Until recently, want of a plan for repair that would hold up a long time in the face of intensifying storms and the cash to execute it has delayed work on the heavily compacted path. Starting in 2017, the Blackstone Parks Conservancy (BPC) and the Parks Department worked out a lasting solution and eventually found $75,000–enough for a key experimental section, but a drop in the bucket that could eventually require an estimated one million dollars to be raised from the city, grants, and individual donations.
The money scraped together by local City Council representatives and the Parks Department is nonetheless a vital drop for it should provide reliable answers to how best to proceed with the rest of the popular 1.6-mile walkway worn by erosion and heavy use. Results will yield information about costs, proper engineering, and what surfaces work best in what situations, in addition to giving valuable feedback from the public–the users, who are, after all, what this is all about.
Painstakingly prepared by landscape architect and BPC board member, RISD professor Colgate Searle, who drilled dozens of holes along the way to find out what kind of material lay underneath, the plan divides the path into four types needing different approaches. Some involve digging out non-porous soil and installing gravel for drainage, others need less work.
For the experiment, the Parks-BPC team chose a challenging section with particularly severe erosion and vulnerable tree roots north of the Trolley Shelter. On top of six to eight inches of fresh gravel, an expensive new surfacing material that allows absorption of some water while stabilizing the path is being applied to the steep section, stonedust to the flatter part. Some boulevard users will remember that the new material was tried out on a thirty-foot section recently to generally positive notices.

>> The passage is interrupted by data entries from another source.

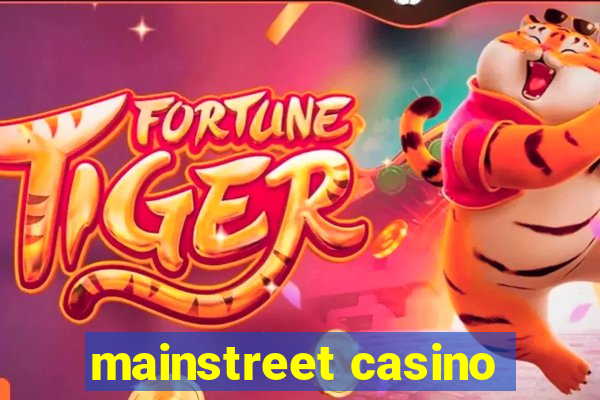 mainstreet casino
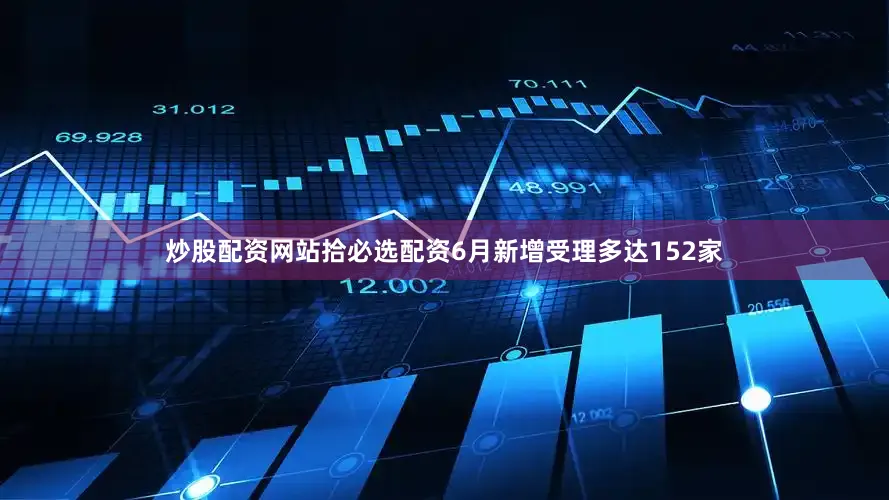 炒股配资网站拾必选配资6月新增受理多达152家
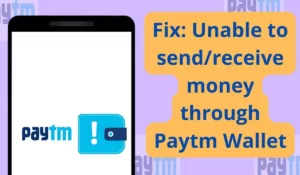 Fix Unable to sendreceive money through Paytm Wallet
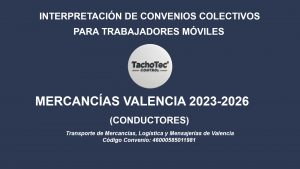 Convenio Transporte Mercancías valencia 2023-2026
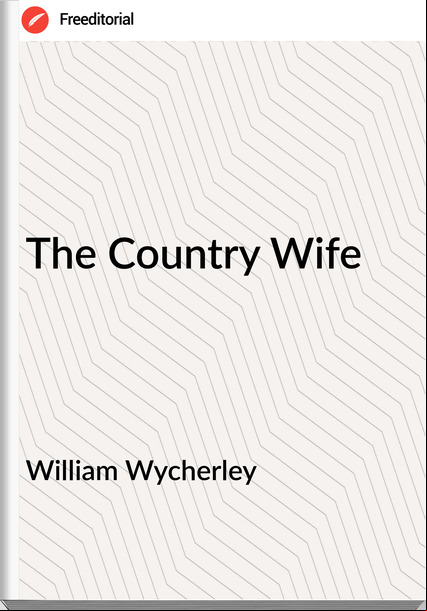 William Wycherley - The Country Wife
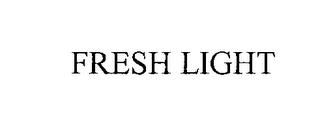 FRESH LIGHT trademark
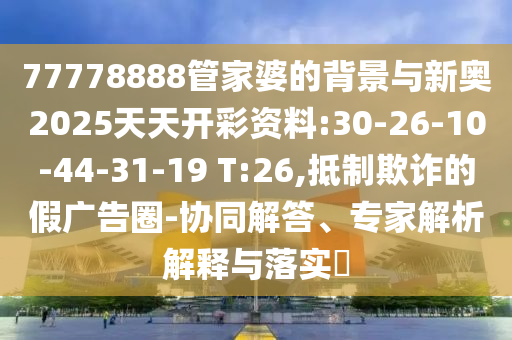 77778888管家婆的背景與新奧2025天天開彩資料:30-26-10-44-31-19 T:26,抵制欺詐的假?gòu)V告圈-協(xié)同解答、專家解析解釋與落實(shí)?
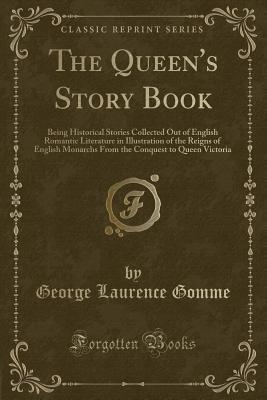 The Queen's Story Book: Being Historical Stories Collected Out of English Romantic Literature in Illustration of the Reigns of English Monarchs from the Conquest to Queen Victoria (Classic Reprint) - Gomme, George Laurence, Sir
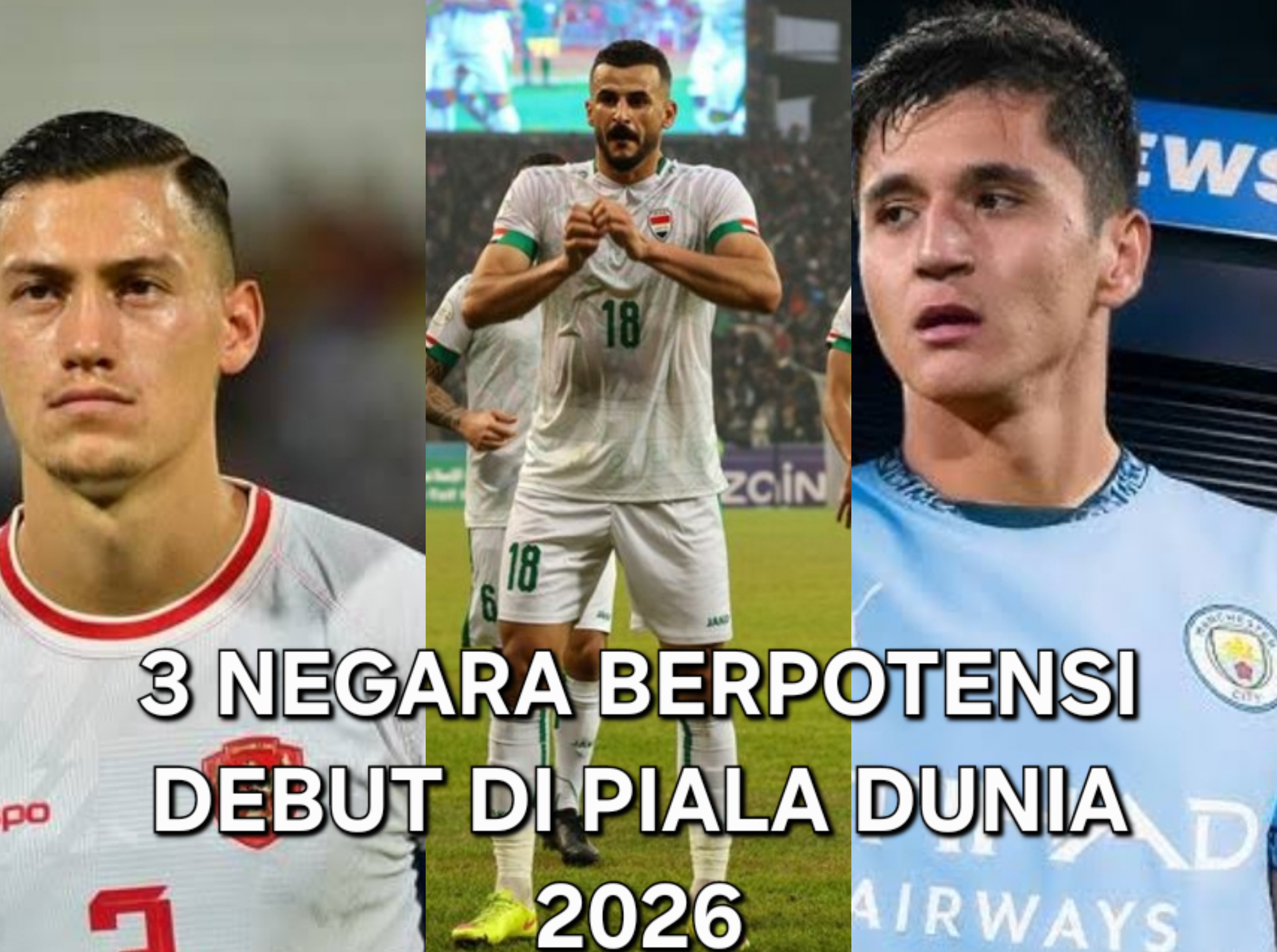 Kualifikasi Piala Dunia 2026 Sampai Round Berapa? Utak-atik Peluang 3 Negara yang Debut 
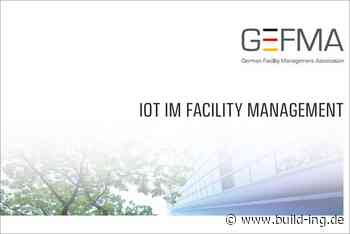 GEFMA veröffentlicht White Paper IoT im Facility Management - Build-Ing.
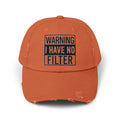 Distressed Cap — "Warning I Have No Filter" Embroidered Dad Hat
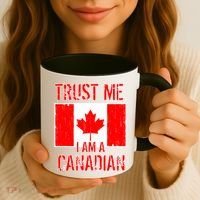 Trust Me I Am A Canadian Coffee Mug thumb 3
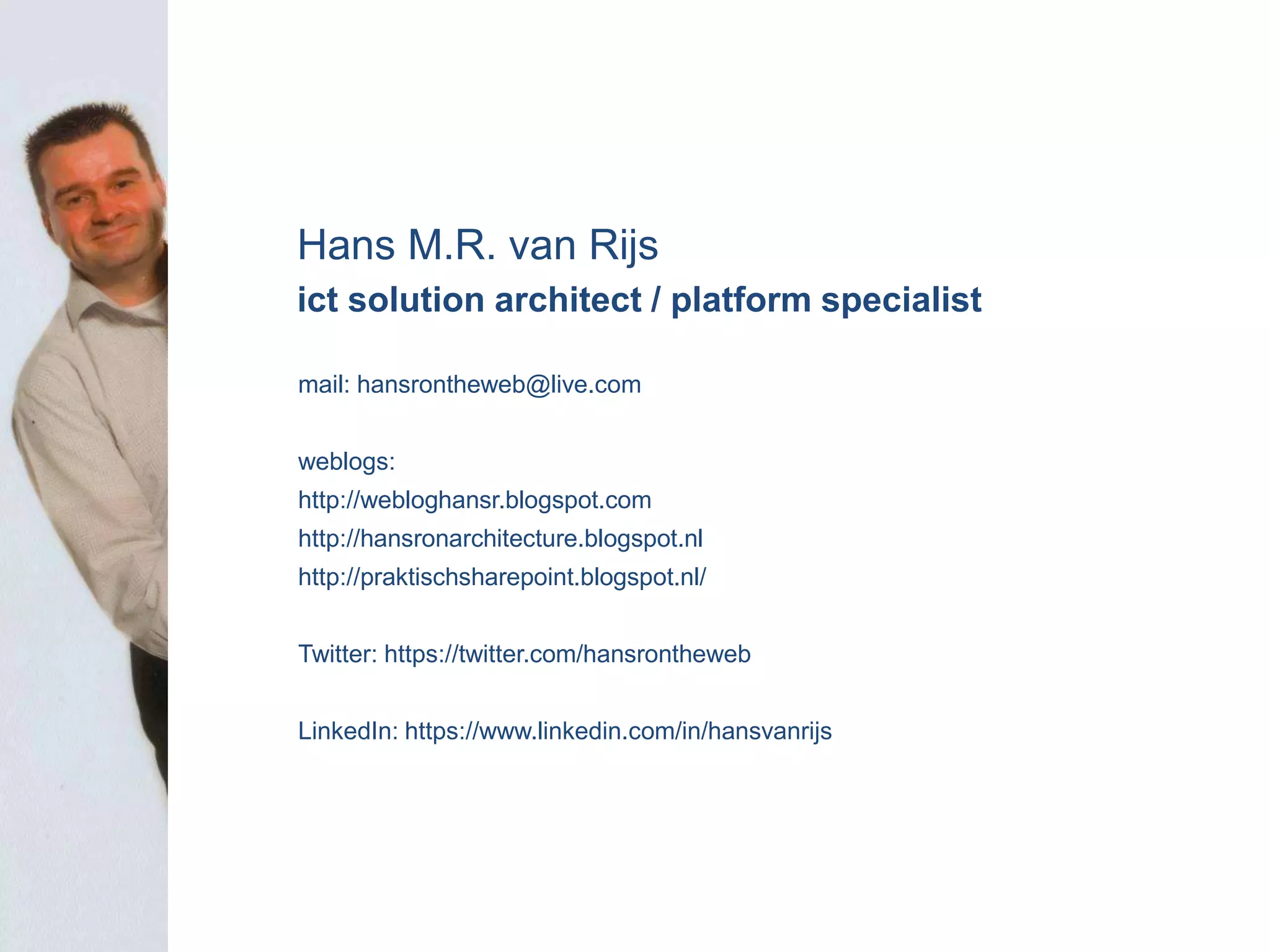 b
Hans M.R. van Rijs
ict solution architect / platform specialist
mail: hansrontheweb@live.com
weblogs:
http://webloghansr.blogspot.com
http://hansronarchitecture.blogspot.nl
http://praktischsharepoint.blogspot.nl/
Twitter: https://twitter.com/hansrontheweb
LinkedIn: https://www.linkedin.com/in/hansvanrijs
 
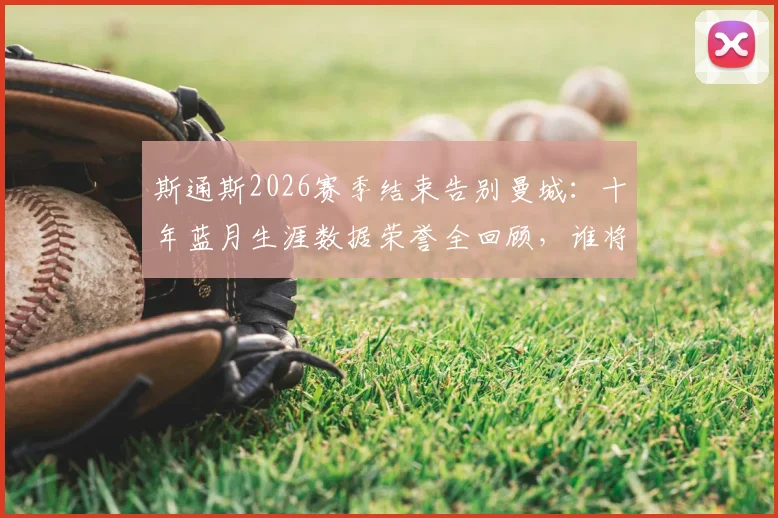 斯通斯2026赛季结束告别曼城:十年蓝月生涯数据荣誉全回顾,谁将填补后防空缺引热议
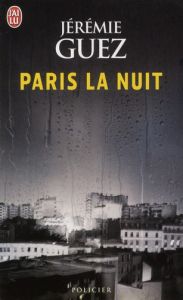Paris la nuit - Guez Jérémie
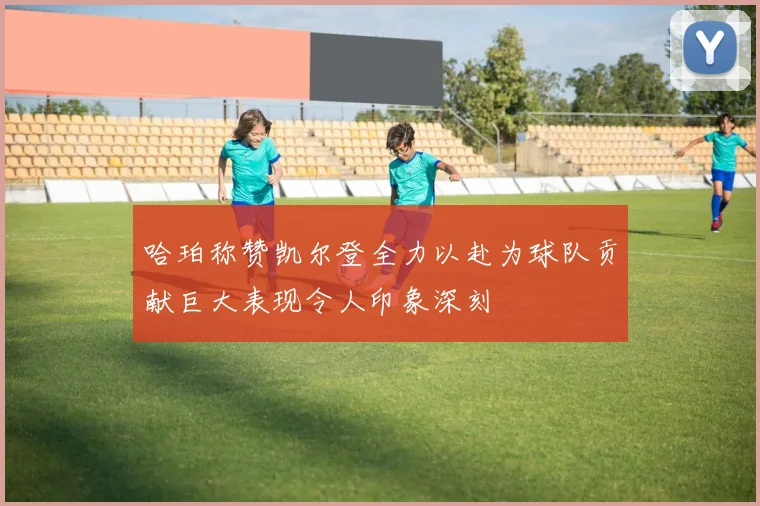 哈珀称赞凯尔登全力以赴为球队贡献巨大表现令人印象深刻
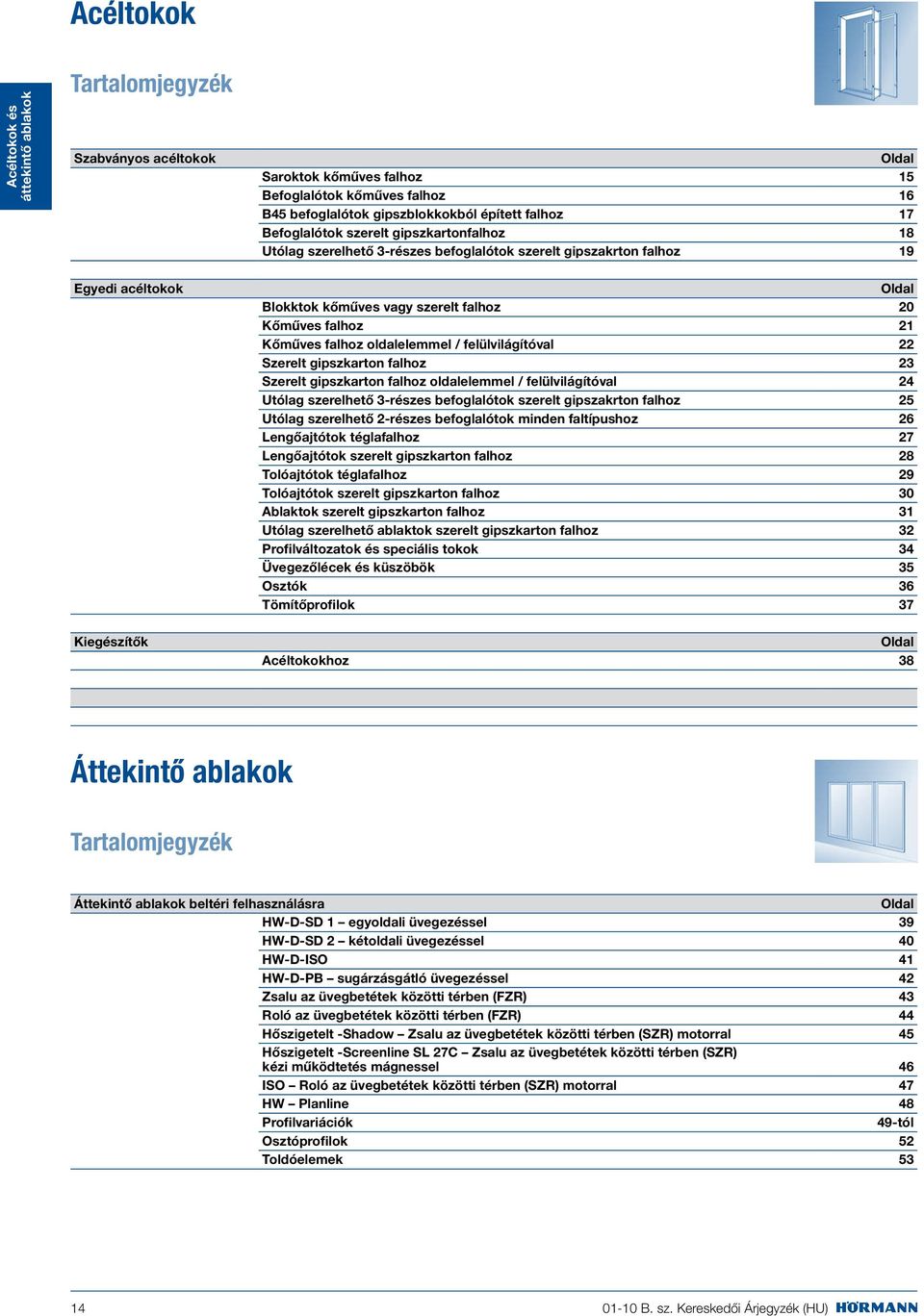 oldalelemmel / felülvilágítóval 22 Szerelt gipszkarton falhoz 23 Szerelt gipszkarton falhoz oldalelemmel / felülvilágítóval 24 Utólag szerelhető 3-részes befoglalótok szerelt gipszakrton falhoz 25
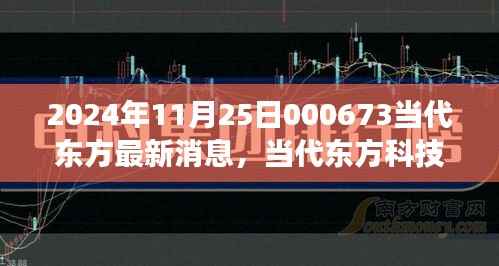 2024年11月25日000673当代东方最新消息,当代东方科技新星,揭秘2024年最新高科技产品——东方新纪元 000673的革新之旅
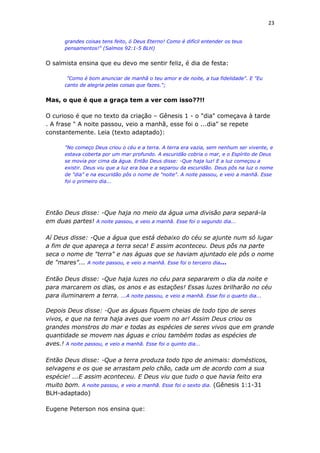 23
grandes coisas tens feito, ó Deus Eterno! Como é difícil entender os teus
pensamentos!" (Salmos 92:1-5 BLH)
O salmista ensina que eu devo me sentir feliz, é dia de festa:
"Como é bom anunciar de manhã o teu amor e de noite, a tua fidelidade". E "Eu
canto de alegria pelas coisas que fazes.";
Mas, o que é que a graça tem a ver com isso??!!
O curioso é que no texto da criação – Gênesis 1 - o "dia" começava à tarde
. A frase " A noite passou, veio a manhã, esse foi o ...dia" se repete
constantemente. Leia (texto adaptado):
"No começo Deus criou o céu e a terra. A terra era vazia, sem nenhum ser vivente, e
estava coberta por um mar profundo. A escuridão cobria o mar, e o Espírito de Deus
se movia por cima da água. Então Deus disse: -Que haja luz! E a luz começou a
existir. Deus viu que a luz era boa e a separou da escuridão. Deus pôs na luz o nome
de "dia" e na escuridão pôs o nome de "noite". A noite passou, e veio a manhã. Esse
foi o primeiro dia...
Então Deus disse: -Que haja no meio da água uma divisão para separá-la
em duas partes! A noite passou, e veio a manhã. Esse foi o segundo dia...
Aí Deus disse: -Que a água que está debaixo do céu se ajunte num só lugar
a fim de que apareça a terra seca! E assim aconteceu. Deus pôs na parte
seca o nome de "terra" e nas águas que se haviam ajuntado ele pôs o nome
de "mares"... A noite passou, e veio a manhã. Esse foi o terceiro dia...
Então Deus disse: -Que haja luzes no céu para separarem o dia da noite e
para marcarem os dias, os anos e as estações! Essas luzes brilharão no céu
para iluminarem a terra. ...A noite passou, e veio a manhã. Esse foi o quarto dia...
Depois Deus disse: -Que as águas fiquem cheias de todo tipo de seres
vivos, e que na terra haja aves que voem no ar! Assim Deus criou os
grandes monstros do mar e todas as espécies de seres vivos que em grande
quantidade se movem nas águas e criou também todas as espécies de
aves.! A noite passou, e veio a manhã. Esse foi o quinto dia...
Então Deus disse: -Que a terra produza todo tipo de animais: domésticos,
selvagens e os que se arrastam pelo chão, cada um de acordo com a sua
espécie! ...E assim aconteceu. E Deus viu que tudo o que havia feito era
muito bom. A noite passou, e veio a manhã. Esse foi o sexto dia. (Gênesis 1:1-31
BLH-adaptado)
Eugene Peterson nos ensina que:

Meanwhile, walkers are being routed to a temporary path that will require repair later, particularly aerating and seeding once it is no longer needed. Searle is particularly concerned that new grass on the edges of the path, which is being brought back to its original width of ten feet in places, be protected. The project is scheduled for completion in mid-September.
“It’s a learning experience for all of us,” says Searle. Yes. And we hope it offers an enduring solution.
Jane Peterson
Update: As of September 30th, the newly resurfaced stretch of the path is open to the public, while the while the edges, newly seeded, are protected.